Man glotzt mit müden Augen auf ein spärlich glühendes Knicklicht in der Hoffnung irgendwann eine Bewegung zu vernehmen, die einem Biss nahe kommt. Wenn man nun lange genug so dasitzt und fest genug daran glaubt, beginnt es irgendwann nach vorne zu wippen. Das Einschalten der Kopflampe bringt dann die Ernüchterung und holt uns auf den Boden der Tatsachen zurück. Doch diesmal war das allerdings anders …

Im Schein der Kopflampe sackte meine New Age immer weiter nach vorne. „Noch ein kleines Stück“, denke ich, während die Zeitlupenverbeugung vor mir abläuft. Ich treffe den richtigen Moment und spüre die Gegenwehr eines halbstarken Gegners.
Kurz nach dem kleinen Silure verschwanden auch wir bald in Richtung unseres Ruheplatzes.

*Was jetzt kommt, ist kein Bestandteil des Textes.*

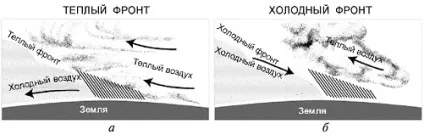 Циркуляція атмосфери типи повітряних мас і їх рух (мас) Циркуляція атмосфери типи повітряних мас і їх рух
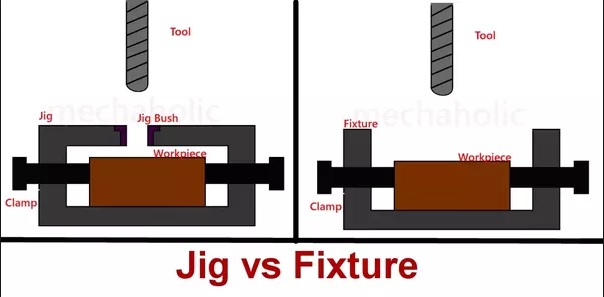 Product Design Engineering: Jig & Fixture Design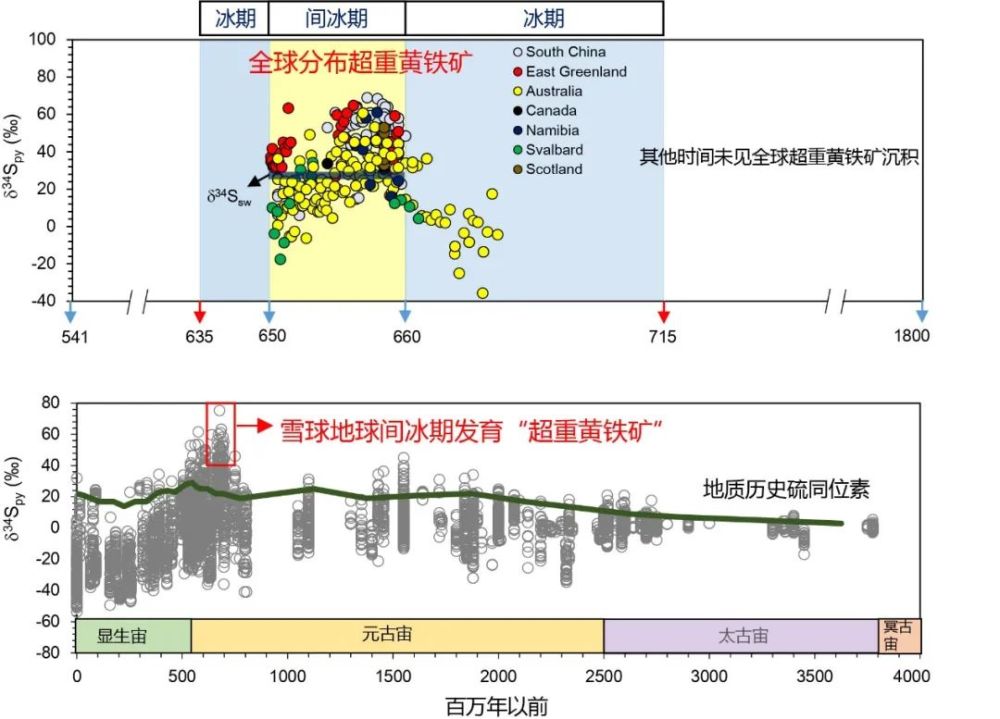 赤道附近喀麥隆罕見降雪！人類正處在大冰期中，全球變暖錯了？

Die Nacht war lang und kalt …

Eine Zeltheizung wäre in diesem Moment echter Luxus gewesen, aber Luxus ist beim Angeln ja bekanntlich meistens ein Fremdwort. Der Morgen erwartete uns mit einem genialen Sonnenaufgang. Aber außer gut auszusehen hatte er dann doch nicht so viel drauf. Es blieb den ganzen Tag kalt. Am Abend waren die Fallen bereits früh neu gestellt. Einige Montagen brachten wir, orientiert am Beißverhalten des vergangenen Tages, an anderen Plätzen aus. Trotzdem blieb unser Optimismus relativ gering, denn wir spürten, dass es gerade gegen Abend noch kälter geworden war als tags zuvor.

Unser Gefühl bestätigte sich …

und die Rotaugen blieben unberührt. Gut für sie, schlecht für uns. Aber so ist es eben, des‘ einen Freud ist des anderen Leid. Obwohl Leid der falsche Ausdruck ist.

Die Tour war gigantisch gelaufen und wenn ich jetzt, zwei Tage danach so drüber nachdenke merke ich, dass ich es mir immer noch nicht so recht erklären kann, wieso es so kam wie es kam.

Ist aber auch gut so, denn so bleibt es ein weiteres Rätsel über das man grübeln kann und das den Wels einmal mehr zu dieser undurchschaubaren Kreatur macht.